LOS ANGELES AND ATLANTA – Cohen & Associates, a Los Angeles-based real estate investment firm, has refinanced the multifamily portion of a six-year-old, mixed used development in Downtown Atlanta’s Historic Auburn Avenue District with a $10 million loan from Prudential Mortgage.
Located at 171 Auburn Avenue NE and spanning an entire city block, the five-story brick-clad Renaissance Walk features 140 one- and two-bedroom apartment rental units over 30,500 square feet of street level retail. Since acquiring the property out of receivership in December 2011, Cohen & Associates has successfully stabilized the asset, with 97 percent of the apartments now leased at market rates. The retail component, which was completely vacant at the time of acquisition, is currently 60 percent leased to a mix of national and local merchants.

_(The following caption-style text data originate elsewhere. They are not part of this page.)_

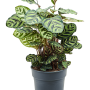 Calathea makoyana
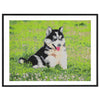 Craft id diamond painting, 40x50cm, dog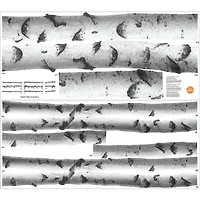 WallPops Silver Birches Wall Art Kit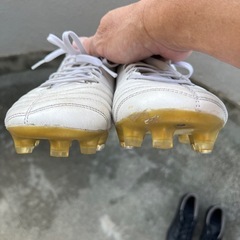 アシックスDS LightX-Fly Pro 25cmの画像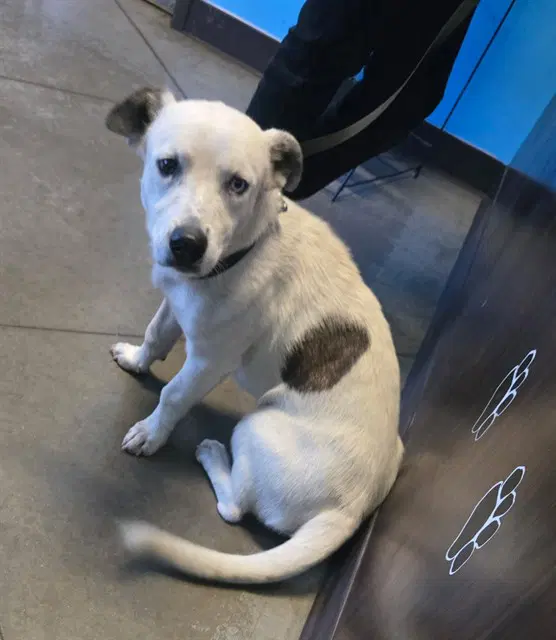 Unknown - Australian Cattle Dog/Blue Heeler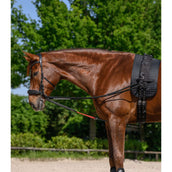 Waldhausen Rênes W-Train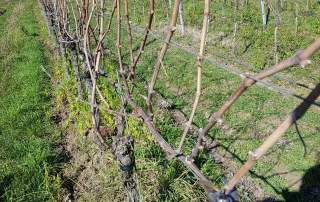 Rebschnitt Weingut Faber Freiburg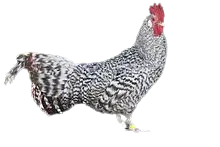 Krüper chicken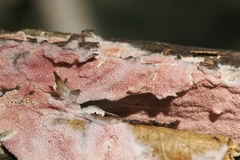 Ceriporia purpurea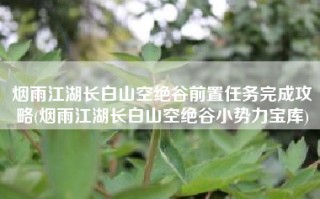 烟雨江湖长白山空绝谷前置任务完成攻略(烟雨江湖长白山空绝谷小势力宝库)
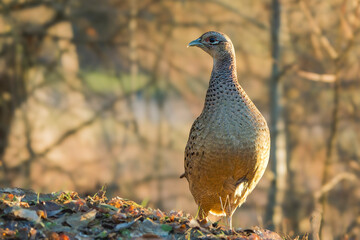 Female Pheasant Perched on a Dirt Mound Surrounded by Leaves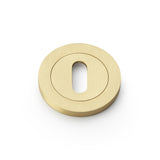 Concealed Fix Escutcheon Standard Profile - Satin Brass | Alexander & Wilks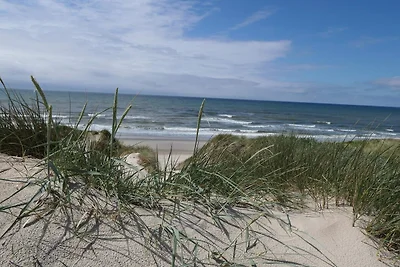 18 Personen Ferienhaus in Ringkøbing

“This refinance program was a very complex financial package that came together so favorably for the asset and our investors as a result of our very talented and experienced team of financial people working together to bring this to fruition ” said Cohen & Associates President Gidi Cohen. "As a result, we are pleased to be returning equity back to our investors which will ultimately produce more attractive cash-on-cash returns making the complexities of this refinance plan very interesting and rewarding.”
Shlomi Ronen, Managing Principal, of Dekel Capital and David Wallenstein, Managing Director of Churchill Capital arranged the new fixed rate loan on behalf of the borrower.
“An additional feature of this refinance program is that the retail section of the property is no longer part of the new mortgage's collateral pool,” added Ronen. “Cohen & Associate’s active management of the project helped us tremendously in capturing a very healthy refinance program in addition to releasing the retail portion of this property which is now unencumbered.”
About Cohen & Associates
Cohen & Associates invests in strategically located, ground-up developments and income-producing real estate throughout and key cities in the Southeastern and Southwestern U.S., particularly in the underserved secondary or tertiary markets. Our portfolio includes apartment buildings, mixed-use development and broken condominium projects as well as notes secured by those assets. We specifically target assets that can be acquired at attractive valuations and whose upside has been affected by operational inefficiencies caused by neglect, mismanagement or under-capitalization. We then apply a disciplined investment and risk management approach to each investment. We carefully analyze local and regional market conditions such as job growth, barriers to entry, and real estate trends, to help us identify the most profitable exit strategy. We have a strong track record for turning around underperforming properties to the advantage of our investors.